The idea here is to bootstrap from two samples: (1) the one they drew in the preliminary trial with mean = 6.69, and (2) the hypothetical worst-case boundary example with mean = 5. We bootstrap from each and calculate the proportion of samples with mean less than 6. The proportion of results with mean less than 6 from the first population (where true mean = 6.69) can serve as a proxy for Type I error or the significance level. This is proportion of times we make the wrong decision. We conclude the mean is less than 6 when in fact it’s really 6.69. The proportion of results with mean less than 6 from the second population (where true mean = 5) can serve as a proxy for Power. This is proportion of times we make the correct decision. We conclude the mean is less than 6 when in fact it’s really 5.

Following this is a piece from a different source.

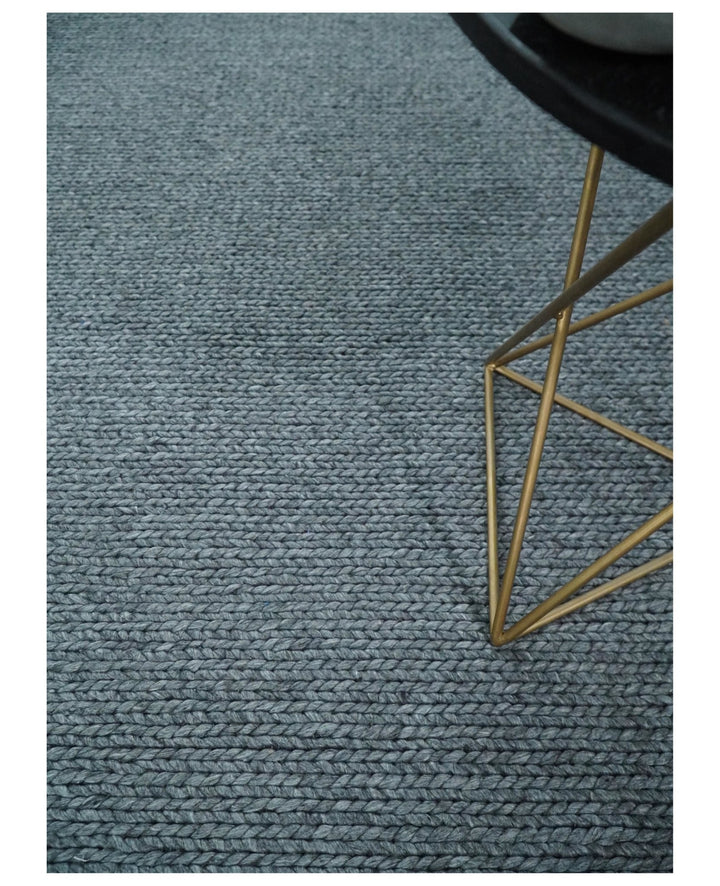 5x8 and 8x10 Braided Wool Solid Gray Felted Chunky Hand Woven Soft Plush Area Rug | DOV7 - The Rug Decor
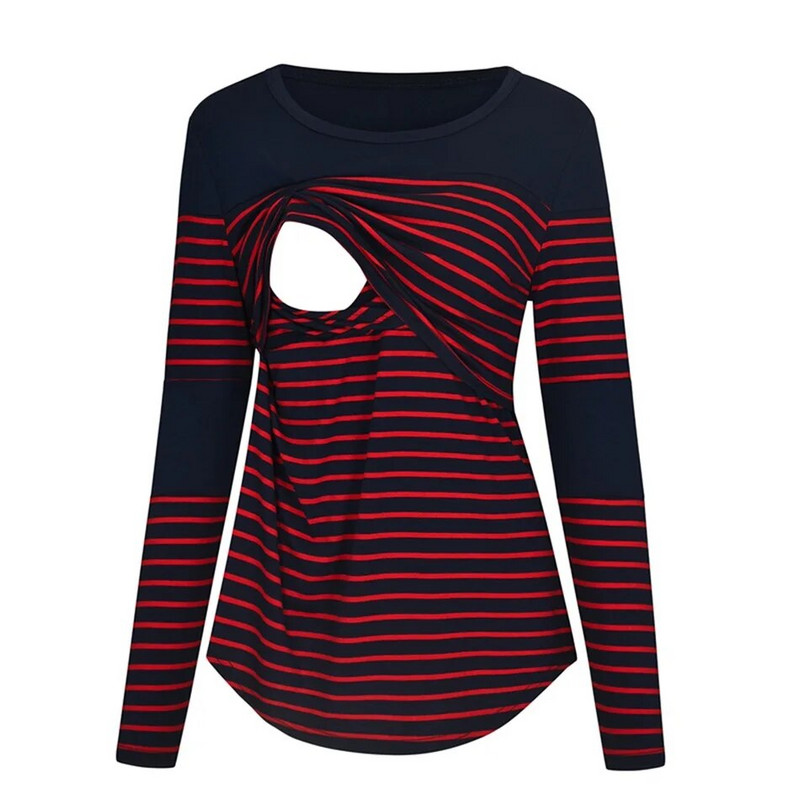 Ženska majica za trudnice Odjeća Ljeto Jesen Majica s dugim rukavima na pruge Majice za dojenje Odjeća za trudnice, velika veličina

In the book they show the following table of results:
We see they have computed the significance level (Type I error) and power for three different sample sizes. Here’s me doing the same thing in R:
# starting sample of test results (mean = 6.69) el1 <- c(7.0,3.3) prob1 <- c(11/12, 1/12) # hypothetical worst-case population (mean = 5) el2 <- c(7, 3.3, 4.1) prob2 <- c(3/7, 3/7, 1/7) n <- 1000 for (j in 3:5){ # loop through sample sizes m1 <- double(n) m2 <- double(n) for (i in 1:n) { m1[i] <- mean(sample(el1,j, replace=TRUE,prob=prob1)) # test results m2[i] <- mean(sample(el2,j, replace=TRUE,prob=prob2)) # worst-case } print(paste("Type I error for sample size =",j,"is",sum(m1 < 6.0)/n)) print(paste("Power for sample size =",j,"is",sum(m2 < 6.0)/n)) }
To begin I define vectors containing the values and their probability of occurrence. Next I set n = 1000 because I want to do 1000 bootstrap samples. Then I start the first of two for loops. The first is for my sample sizes (3 - 5) and the next is for my bootstrap samples. Each time I begin a new sample size loop I need to create two empty vectors to store the means from each bootstrap sample. I calls these m1 and m2. As I loop through my 1000 bootstrap samples, I take the mean of each sample and assign to the ith element of the m1 and m2 vectors. m1 holds the sample means from the test results and m2 holds the sample means from the worst-case boundary scenario. Finally I print the results using the paste function. Notice how I calculate the proportion. I create a logical vector by calling mx < 6.0. This returns a vector of 0s and 1s, where 0 is false and 1 is true. I then sum this vector to get the number of times the mean was less than 6. Dividing that by n (1000) gives me the proportion. Here are my results:
[1] "Type I error for sample size = 3 is 0.244" [1] "Power for sample size = 3 is 0.845" [1] "Type I error for sample size = 4 is 0.04" [1] "Power for sample size = 4 is 0.793" [1] "Type I error for sample size = 5 is 0.067" [1] "Power for sample size = 5 is 0.886"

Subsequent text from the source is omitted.